The NYT has a good interview with Netflix co-CEO Ted Sarandos: at growing companies that track a lot of user data, narratives can lag behind their actual behavior because they're always adding a new, larger cohort of customers with more average tastes. So Sarandos corrects at least one part of the content thesis:

[I]n 2012, I said we’re going to become HBO before HBO could become us. At that time, HBO was the gold standard of original programming. What I should have said back then is, We want to be HBO and CBS and BBC and all those different networks around the world that entertain people, and not narrow it to just HBO.
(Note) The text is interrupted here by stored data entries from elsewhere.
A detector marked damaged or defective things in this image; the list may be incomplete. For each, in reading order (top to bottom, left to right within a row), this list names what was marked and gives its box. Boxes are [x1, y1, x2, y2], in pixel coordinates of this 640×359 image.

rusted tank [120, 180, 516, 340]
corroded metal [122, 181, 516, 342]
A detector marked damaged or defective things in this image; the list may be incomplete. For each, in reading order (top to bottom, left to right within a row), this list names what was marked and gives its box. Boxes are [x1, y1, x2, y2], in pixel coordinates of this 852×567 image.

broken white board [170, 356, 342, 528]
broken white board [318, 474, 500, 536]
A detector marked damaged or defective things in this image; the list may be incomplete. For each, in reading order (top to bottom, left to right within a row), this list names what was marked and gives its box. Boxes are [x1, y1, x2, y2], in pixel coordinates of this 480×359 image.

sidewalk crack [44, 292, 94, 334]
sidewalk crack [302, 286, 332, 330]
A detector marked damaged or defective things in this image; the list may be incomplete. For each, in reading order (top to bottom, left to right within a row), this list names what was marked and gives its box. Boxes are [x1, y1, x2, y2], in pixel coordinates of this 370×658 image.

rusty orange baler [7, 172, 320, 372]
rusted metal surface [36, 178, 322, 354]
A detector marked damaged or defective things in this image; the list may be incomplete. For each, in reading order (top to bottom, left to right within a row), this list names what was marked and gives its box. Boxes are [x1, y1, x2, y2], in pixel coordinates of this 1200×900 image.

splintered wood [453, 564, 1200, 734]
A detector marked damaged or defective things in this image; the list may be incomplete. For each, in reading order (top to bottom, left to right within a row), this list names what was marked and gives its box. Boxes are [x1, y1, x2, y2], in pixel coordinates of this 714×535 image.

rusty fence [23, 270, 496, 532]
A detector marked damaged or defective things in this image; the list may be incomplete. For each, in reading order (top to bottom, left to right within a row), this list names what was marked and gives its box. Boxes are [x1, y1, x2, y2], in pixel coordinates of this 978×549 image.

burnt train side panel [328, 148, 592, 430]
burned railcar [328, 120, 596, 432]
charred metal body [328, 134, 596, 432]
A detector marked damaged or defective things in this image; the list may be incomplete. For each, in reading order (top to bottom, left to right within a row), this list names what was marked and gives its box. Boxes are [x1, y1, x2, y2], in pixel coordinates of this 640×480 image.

One notable thing about this is that HBO, too, is not just trying to be HBO; their main streaming offering bundles in plenty of Discovery content that is not as highbrow or edgy as a typical HBO production. When media companies are young, they highlight the kinds of content you can't get anywhere else, but eventually they grow to the point that they need the sorts of things you can find everywhere else, just more conveniently or with better production values, because "everywhere else" describes all of the alternatives that are providing a satisfactory experience for their prospective customers.

Market Timing

Gamestop has completed its 45m-share at-the-market offering, raising $933m in a week and a half. The company "intends to use the net proceeds from the ATM Program for general corporate purposes, which may include acquisitions and investments." Shares opened up 22% and have since pulled back a bit. Part of the rally is a reaction to the fact that there will be less immediate selling pressure now that the offering is complete, but another reason is that meme stocks have many was to turn $1 of cash on the balance sheet into much more than $1 of market cap. There's a sense in which the meme stocks, most of which were different companies in different industries, have all converged on AMC's model: sell a ticket to someone who's going to get entertained in return. AMC does this in theaters, but Gamestop is doing it at the New York Stock Exchange.

It's All Ads!

PayPal is planning its own ad business, using purchase data to target ads. In general, ads monetize better as you get deeper into the funnel: a banner on a news story makes less money than a product recommendation in search (whether that search is a general-purpose search engine or the result of doing a search on a site). Related products and bundled discounts can make even more money. But once the customer has decided what to buy and is checking out, the utility of ads goes down because they trade off higher basket size against a higher shopping cart abandon rate. So PayPal has data, and scale, but the unsolved problem for them is inventory.